Question

A thin convex lens of focal length 'f' is put on a plane mirror as shown in the figure. When an object is kept at a distance 'a' from the lens - mirror combination, its image is formed at a distance $\dfrac{a}{3}$ in front of the combination. The value of 'a' is:-

A. 2f
B. $\dfrac{3}{2}f$
C. 3f
D. f

Answer 1

Hint: Lens are the things which will allow the light to pass through them with convergence or divergence. Depending on whether the lens will converge or diverge the rays they are divided into convex and concave lenses. Their capacity of convergence or divergence is given by power of the lens. When the mirror is nearly attached to the lens the power will be doubled. Based on this we will solve the problem.

Formula used:
$\eqalign{
  & P = {P_1} + {P_2} \cr
  & P = \dfrac{1}{f} \cr} $

Complete step by step answer:
The main difference between the lens and mirrors is there are many ways to change the effective focal length of a lens without varying them geometrically. For example if we put the lens in a different medium from air then the refractive index in that medium will be different from that of air. This is not possible for mirrors. They have constant focal length and don’t vary with the medium.
This is because the rays will suffer refraction in the lens and that refraction depends upon the surrounding medium and the entering medium. In case of mirrors there will be no refraction hence the focal length of the mirror won’t change.
Power of the lens is given by the inverse of the focal length. When two lenses are brought very close to each other then their powers will add up and focal length will vary and we get effective focal length of the new lens.
Similarly if we bring a plain mirror very near to the lens then the rays first refraction occurs then reflection from mirror occurs then again refraction occurs. Hence refraction occurs twice. So power will double.

$\eqalign{
  & P = \dfrac{1}{f} \cr
  & \Rightarrow \left| P \right| = {P_1} + {P_2} \cr
  & \Rightarrow \left| P \right| = \dfrac{1}{f} + \dfrac{1}{f} \cr
  & \therefore \left| P \right| = \dfrac{2}{f} \cr} $
Since there is reflection happening the power will have negative signs as rays get reflected. So
$\eqalign{
  & P = - \dfrac{2}{f} \cr
  & \Rightarrow {f_{eff}} = \dfrac{{ - f}}{2} \cr} $
This entire system acts as a concave mirror with focal length -f/2
Apply mirror equation to get value of ‘a’
$\dfrac{1}{v} + \dfrac{1}{u} = \dfrac{1}{f}$
Where ‘u’ is object distance and ‘v’ is the image distance
Since objects and images are formed on the same side they will have negative signs.
$\eqalign{
  & \dfrac{1}{{\left( {\dfrac{{ - a}}{3}} \right)}} + \dfrac{1}{{ - a}} = \dfrac{1}{{\left( {\dfrac{{ - f}}{2}} \right)}} \cr
  & \Rightarrow \dfrac{{ - 3}}{a} + \dfrac{{ - 1}}{a} = \dfrac{{ - 2}}{f} \cr
  & \therefore a = 2f \cr} $
Hence option A will be the correct answer.
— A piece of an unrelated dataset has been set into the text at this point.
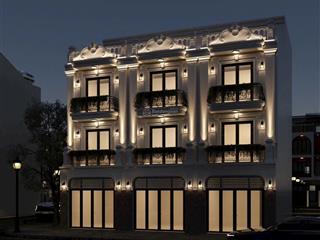 Bán 3 căn nhà 3,5 tầng tại dương quan. ngay sát tthc mới hải phòng. chỉ việc xách vali về ở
Note: Here the system is entirely changed into a concave mirror. The lens refractive index can be varied in such a way that a convex lens can behave as the concave lens without any change in shape. This is when we place the lens in the medium of refractive index greater than the lens refractive index, then the convex lens would change into concave while the concave lens would change into convex.